What you need to do: Go to the line below that has "Nakiri SLD Mirror", print it and each line after it exactly, and stop after the line that has "Belvedere Castle in"; leave out pictures.

Data for this exercise:
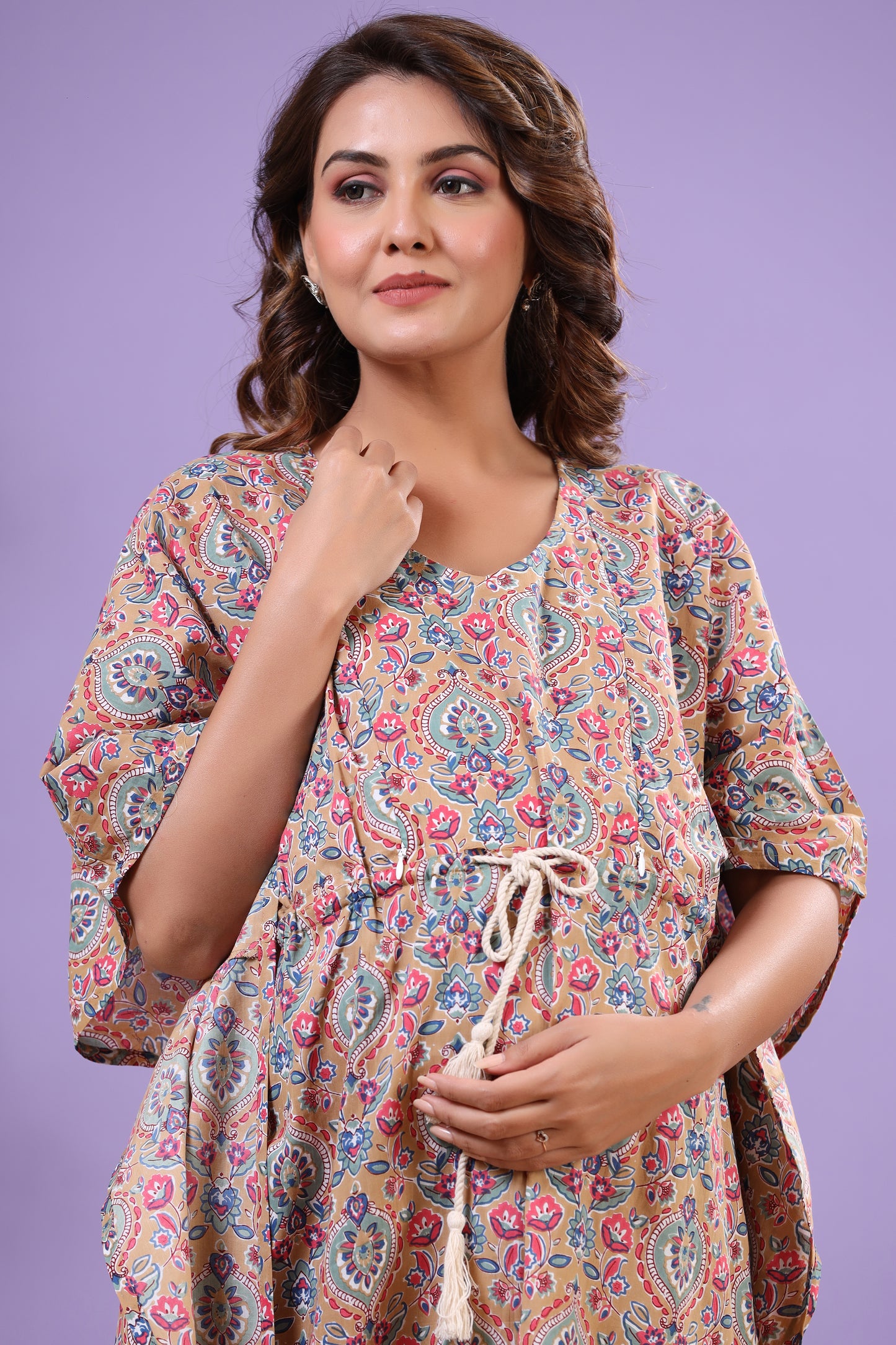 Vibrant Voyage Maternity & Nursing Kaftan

==

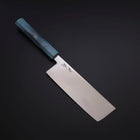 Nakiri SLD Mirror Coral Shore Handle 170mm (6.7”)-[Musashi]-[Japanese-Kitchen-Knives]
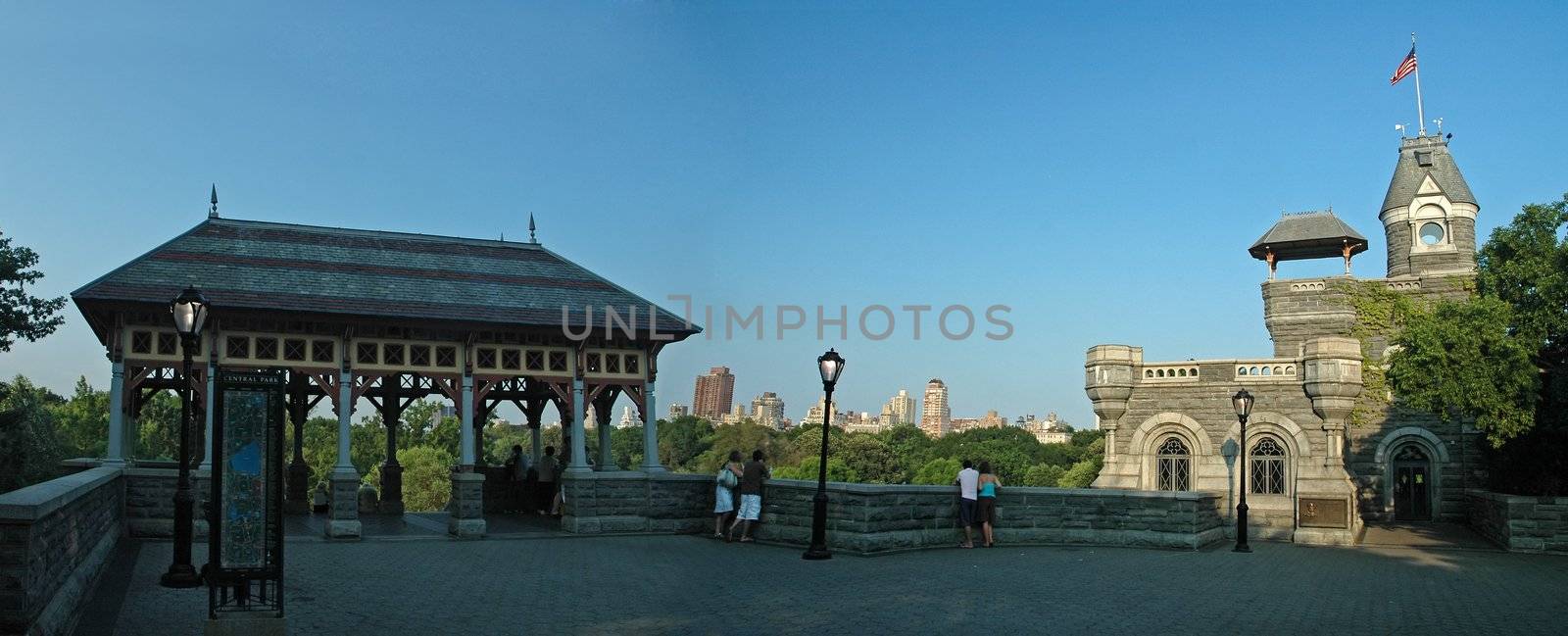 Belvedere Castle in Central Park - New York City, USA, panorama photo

--

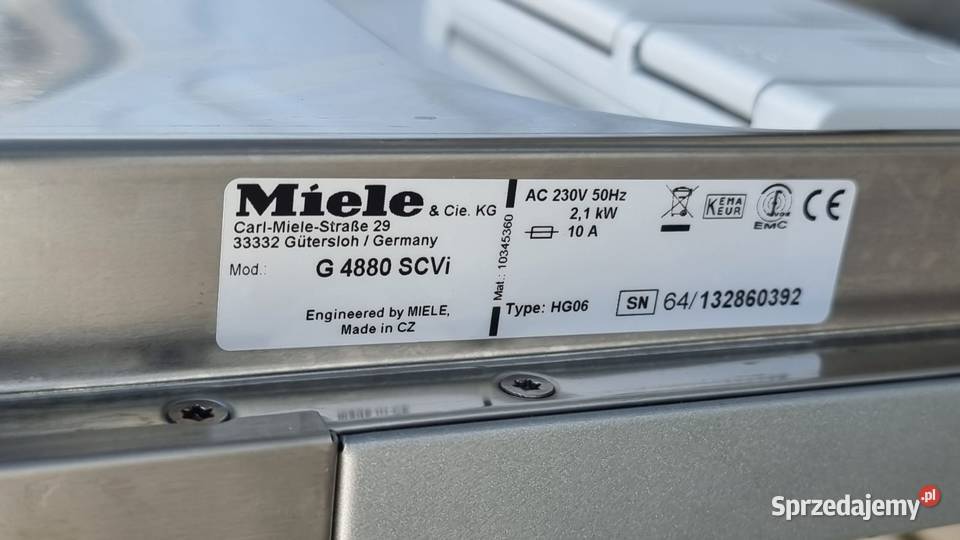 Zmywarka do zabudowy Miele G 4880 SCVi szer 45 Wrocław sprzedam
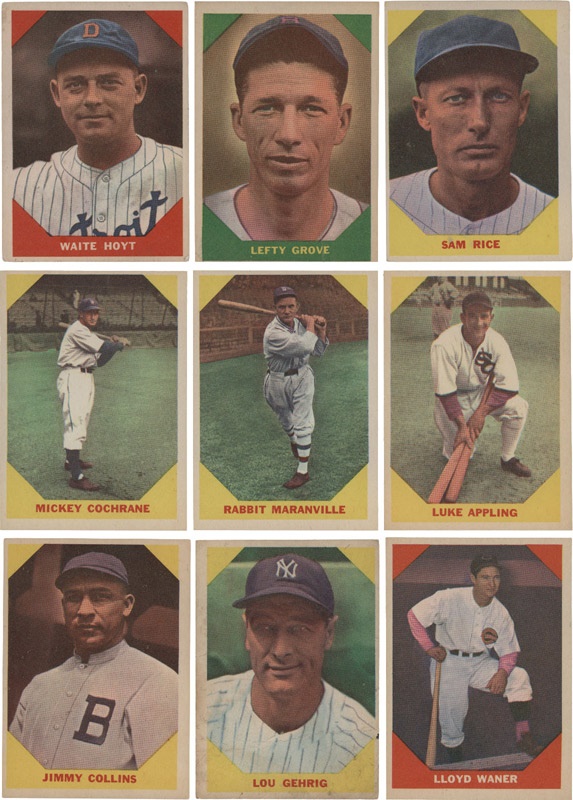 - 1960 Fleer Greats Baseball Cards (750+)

Answer box:
 Nakiri SLD Mirror Coral Shore Handle 170mm (6.7”)-[Musashi]-[Japanese-Kitchen-Knives]
 Belvedere Castle in Central Park - New York City, USA, panorama photo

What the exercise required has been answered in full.